* TASK GOAL:
Starting at the line below that contains "Pardesiu Midi Din" and ending at the line that contains "8x10-Foot Outdoor Sun", retype each line exactly as it stands, but omit the pictures.
(ENTRIES SUPPLIED begins)
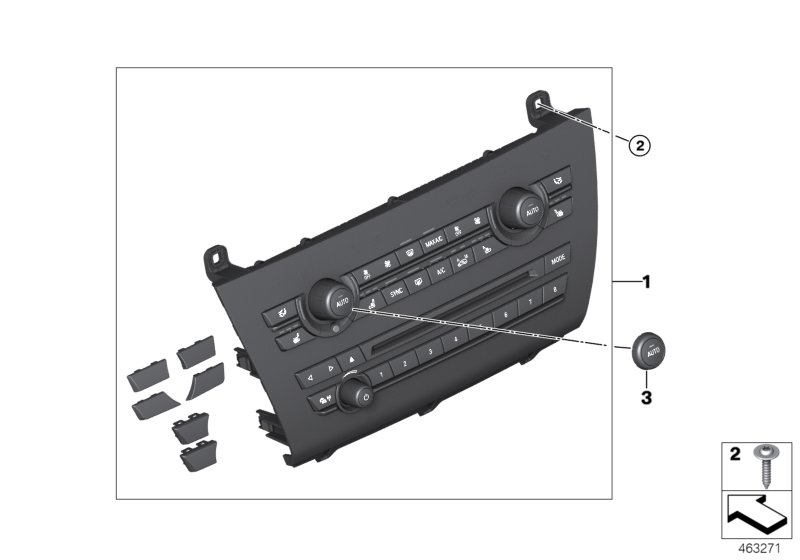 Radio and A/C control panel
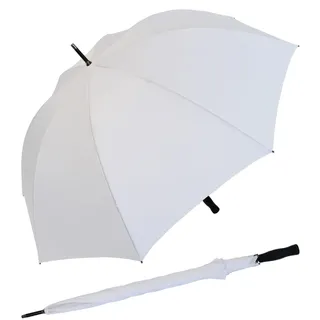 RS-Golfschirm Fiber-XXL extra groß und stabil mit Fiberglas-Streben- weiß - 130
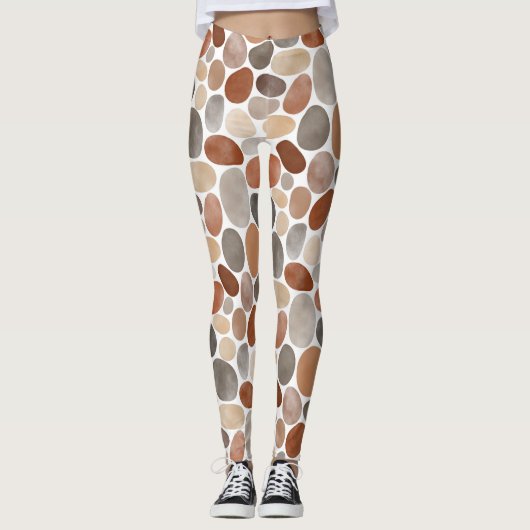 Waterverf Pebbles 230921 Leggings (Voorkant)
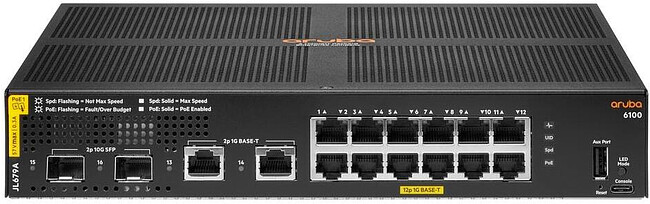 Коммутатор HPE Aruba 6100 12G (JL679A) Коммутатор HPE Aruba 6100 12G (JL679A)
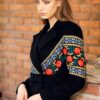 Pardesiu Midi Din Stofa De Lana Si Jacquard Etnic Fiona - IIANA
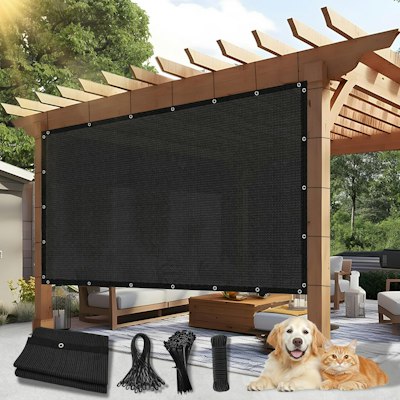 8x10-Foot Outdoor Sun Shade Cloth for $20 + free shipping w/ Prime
(ENTRIES SUPPLIED ends)
(ENTRIES SUPPLIED begins)
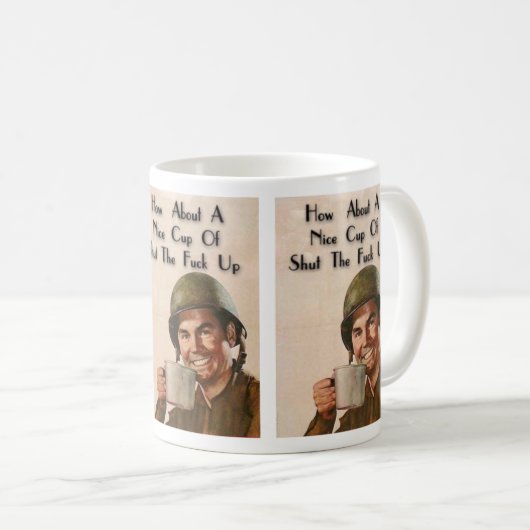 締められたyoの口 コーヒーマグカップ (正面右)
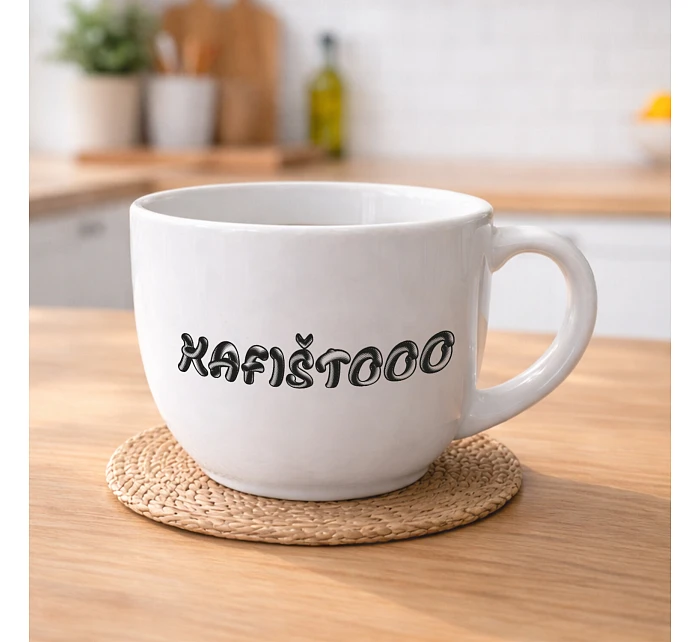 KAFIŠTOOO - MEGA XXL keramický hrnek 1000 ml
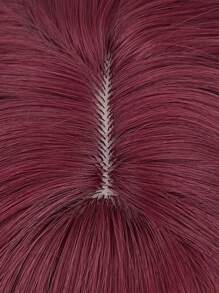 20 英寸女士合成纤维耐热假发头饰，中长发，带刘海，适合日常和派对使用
(ENTRIES SUPPLIED ends)
* WRITTEN ANSWER:
 Pardesiu Midi Din Stofa De Lana Si Jacquard Etnic Fiona - IIANA
 8x10-Foot Outdoor Sun Shade Cloth for $20 + free shipping w/ Prime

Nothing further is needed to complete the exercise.